For those of you who are interested, the subject is covered in greater detail in the article Splitting Data Objects to Increase Cache Utilization by Michael Franz and Thomas Kistler.

 Red: Hot data, Green: Cold data

While following this guideline could lead to a more efficient cache utilization, it won't necessarily lead to a performance improvement in a multithreaded environment. In fact, it's more likely that you'll face a performance degradation than gaining any performance improvement at all.

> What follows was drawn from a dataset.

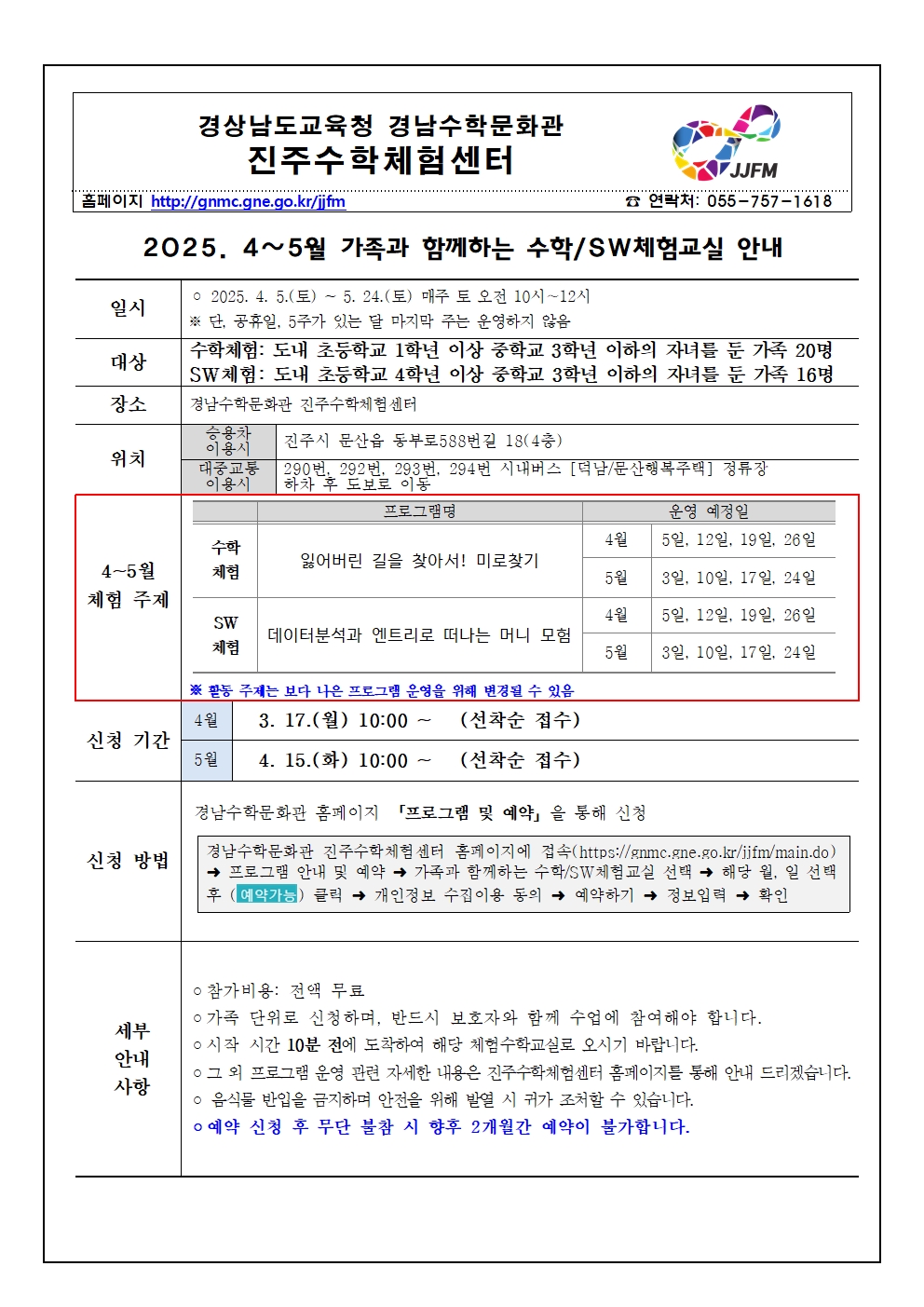 가족과 함께 하는 수학SW 체험교실 안내001.jpg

The problem in hand is that highly utilized caches could easily send your valuable CPU cycles down the drain, due to the effects of false sharing. Once a single cache line holds several frequently written-to fields, the chance it will get invalidated by another processor gets greater. Sharing a single cache line with multiple frequently modified fields could easily have a negative effect on your cache's locality.

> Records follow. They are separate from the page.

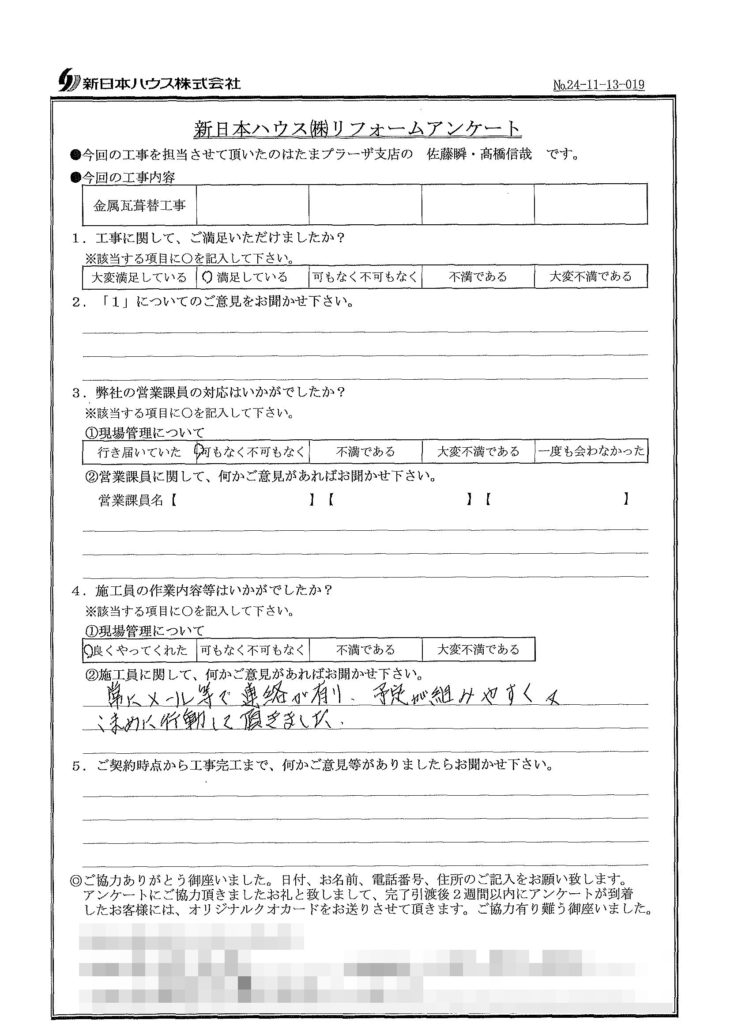   神奈川県川崎市で屋根金属瓦重ね葺きをされたK様の声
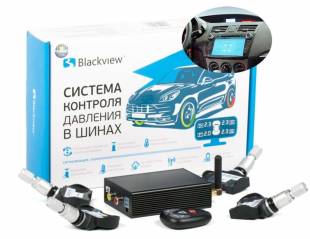 Blackview TPMS X6 internal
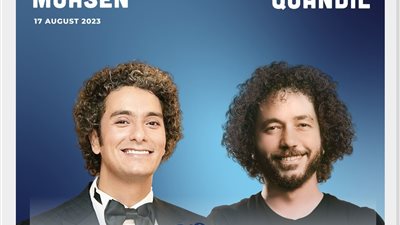 txt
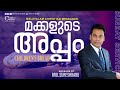  br suresh babu ministering   sunday online service  malayalam christian message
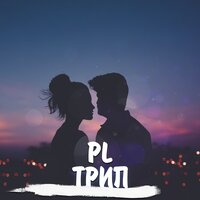 PL - Трип PL - Трип
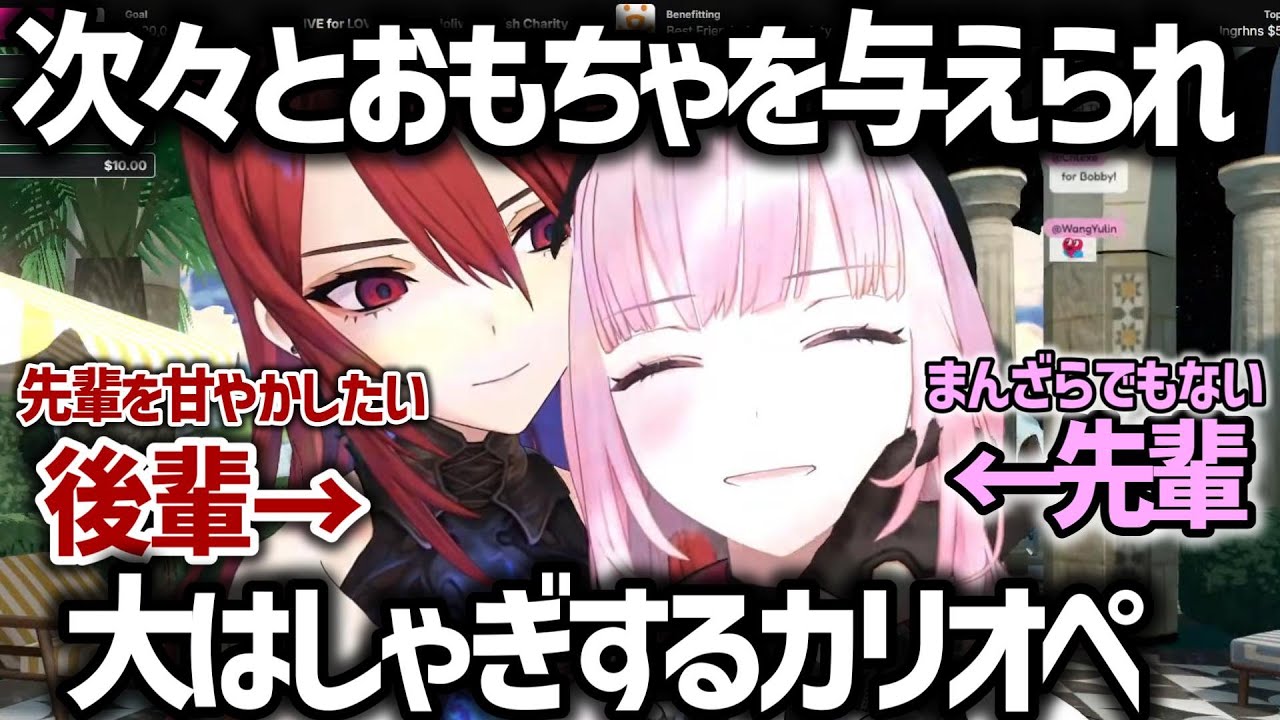 【日英字幕】後輩に甘やかされデレデレになるカリオペ【森カリオペ/エリザベス/ホロライブEN翻訳切り抜き】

In multithreaded environments, one could benefit from sparsely allocating frequently used fields in the cache. There's an obvious trade-off between cache utilization (memory usage) and locality (performance). While the cache will contain less hot data (which could result in more round-trips to the main memory), it would benefit from better locality, hence better scalability across multiple processors that might attempt to modify the same object simultaneously.

When designing a cache-aware data structure, you don't necessarily have to order your fields in such way that a hot field will always get followed by a cold field. Instead, "artificial" padding could be used to fill the excessive space left in the cache line which holds the structure. In .Net, decorating the type with an StructLayout(LayoutKind.Explicit) attribute and assigning each field with its appropriate offset would do the job.